A probabilistic approach to niche-based community models for spatial forecasts of assemblage properties and their uncertainties

Pellissier, Loïc, et al. “A probabilistic approach to niche‐based community models for spatial forecasts of assemblage properties and their uncertainties.” Journal of Biogeography 40.10 (2013): 1939-1946.


 

Species distribution models (SDMs) are typically developed for a single species, because most of the time the goal is to predict habitat suitability for the occurrence of a single species. However, could there be more information about latent environmental traits, or about the probability of species occurrence in data on the presences of other species? Probably. These authors investigated an approach to predict uncertainty in predictions of community properties from stacked species distribution models. Stacked species distribution models are simply a set of independently trained species distribution models that are then laid on top of one another to predict community composition or species richness across a landscape. They don’t incorporate co-occurrence data directly, which is a flaw in my opinion, and this is recognized and has been tackled in other papers.
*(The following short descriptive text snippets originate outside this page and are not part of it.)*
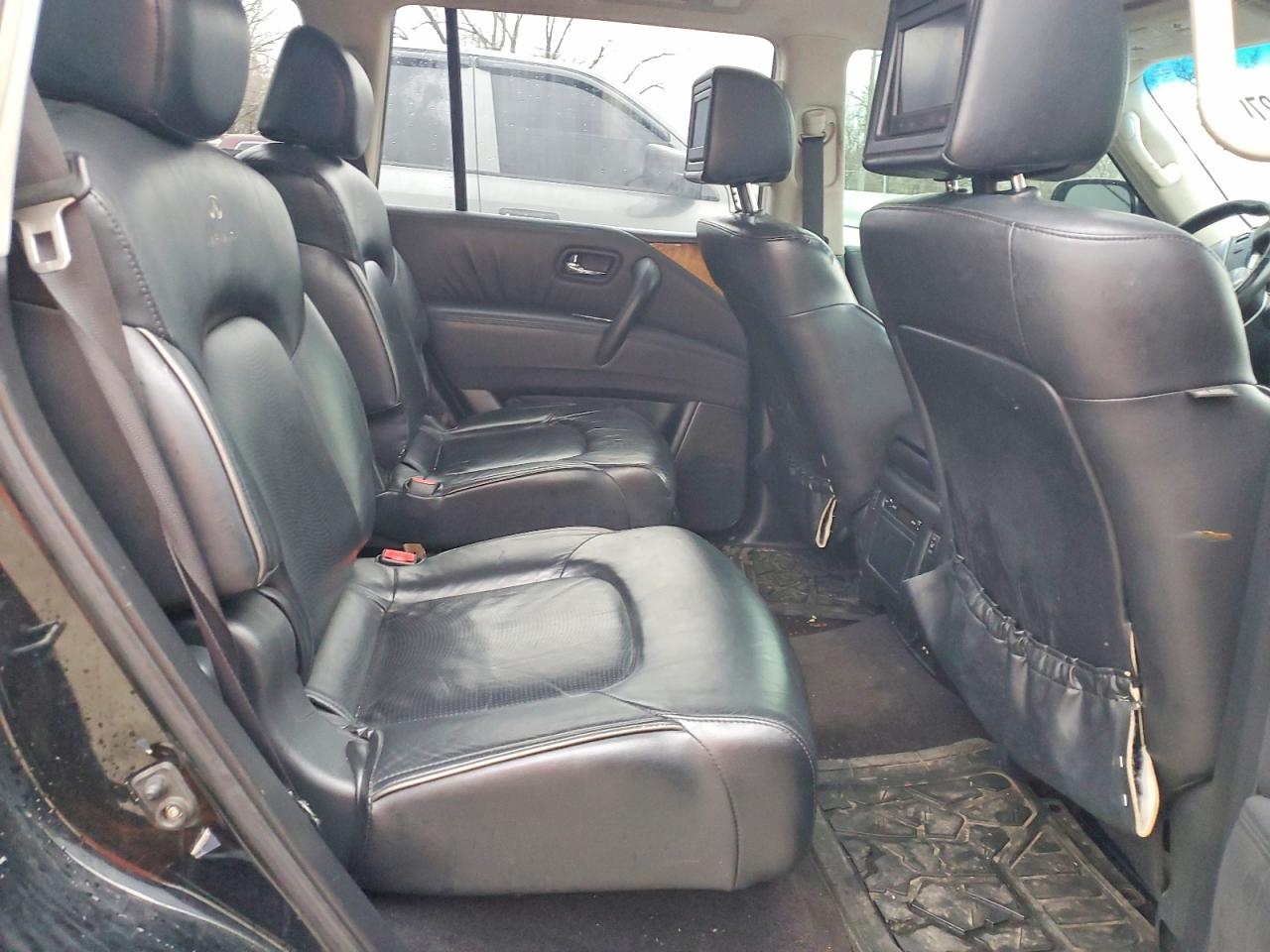 2012 INFINITI QX56 BASE photo 11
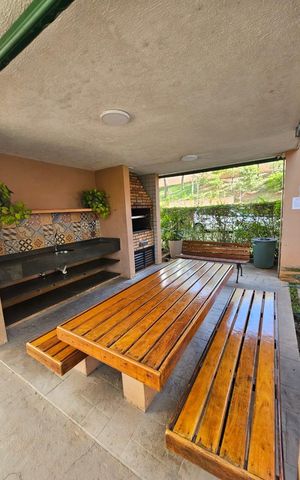 Apartamento à venda com 65m², 3 quartos e 1 vagaÁrea externa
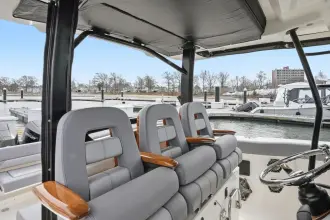 Thumbnail von Boston Whaler 380 Outrage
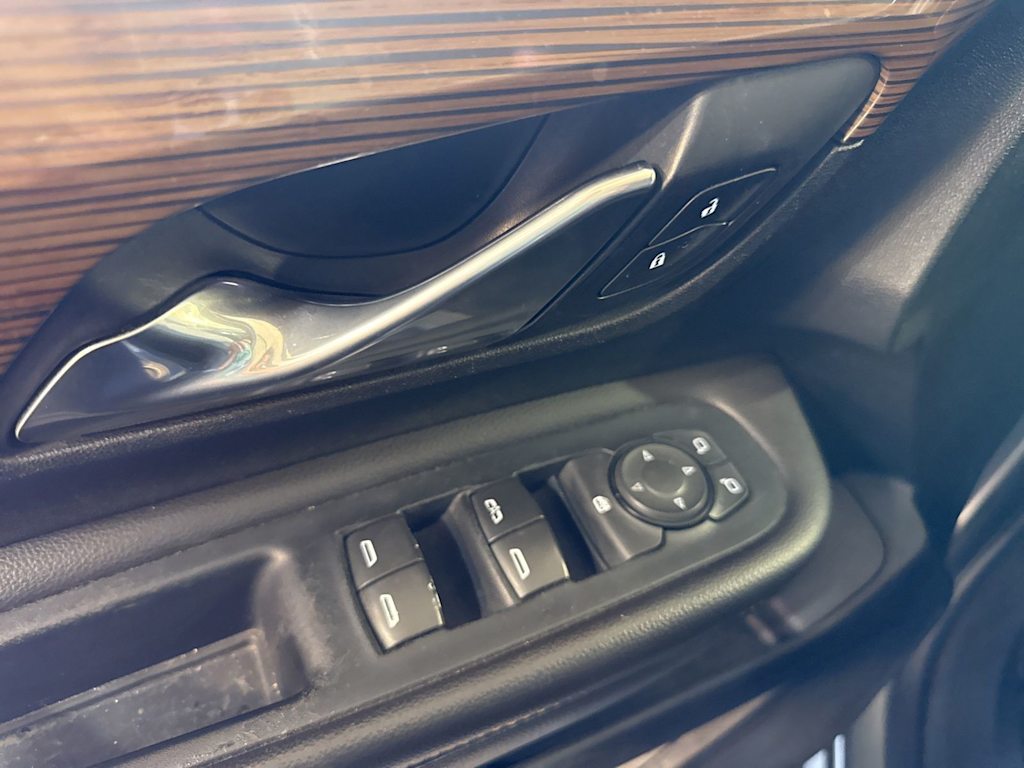 Thumbnail: 2020 GMC Terrain - 24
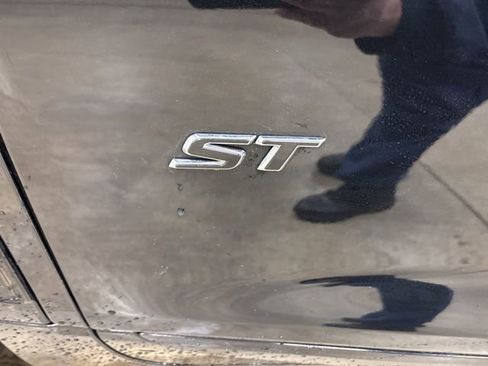 Used 2025 Buick Enclave Sport Touring image 12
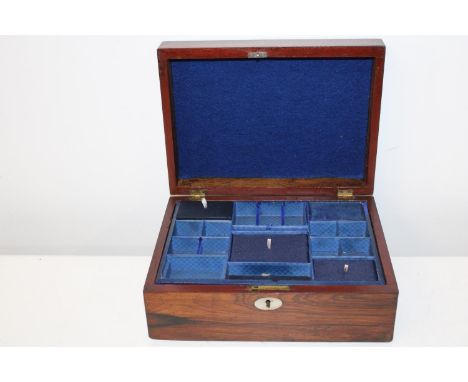A nice quality vintage box with tray insert 28cm x 20cm x 10cm 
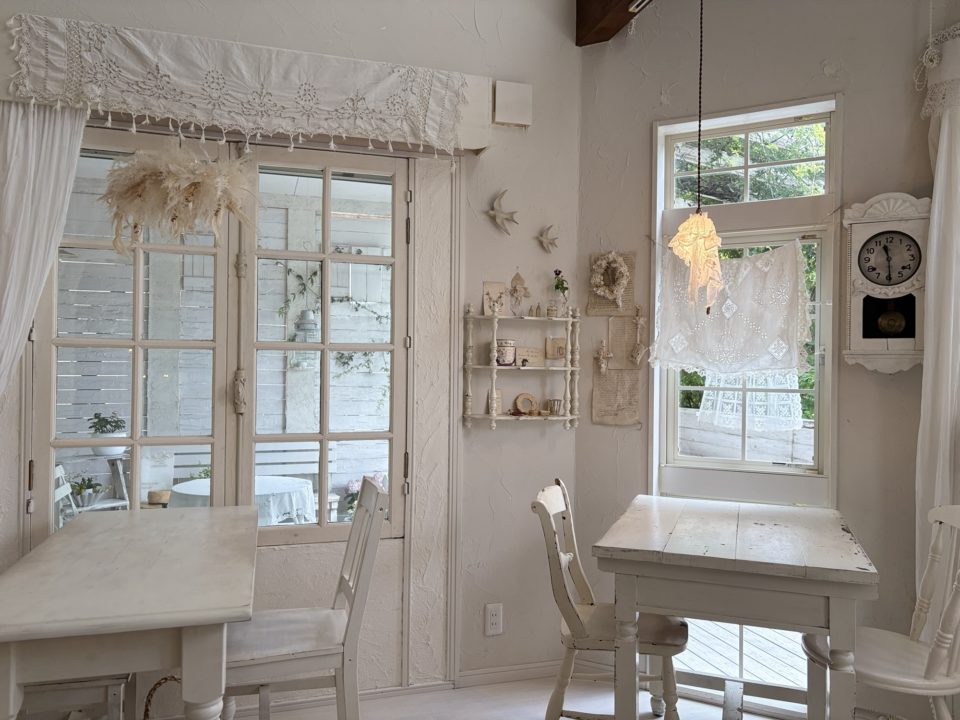 ★「frill(フリル)」名前の通りのかわいいフランスアンティークインテリアが好みのカフェ!@鹿児島県鹿児島市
To assess the ability of stacked SDMs to predict species richness, the authors compared a hard threshold approach (each binary SDM was converted into presence-absence predictions, the sum of the predicted presences formed the species richness in a given cell), and a probabilistic approach (each SDM predicted a probability, and these probabilities were compared relative to a 10,000 draws from a binomial distribution). The latter approach resulted in a stronger correlation between expected and observed species richness values. Further, the authors argue that this approach gets at uncertainty in model predictions, by using the variability from the 10,000 draws to get at uncertainty. This demonstrates the utility in considering community context in species distribution modeling. Methods directly incorporating information on co-occurring species will likely provide an even better view of the realized niche of species, or of community composition across a landscape.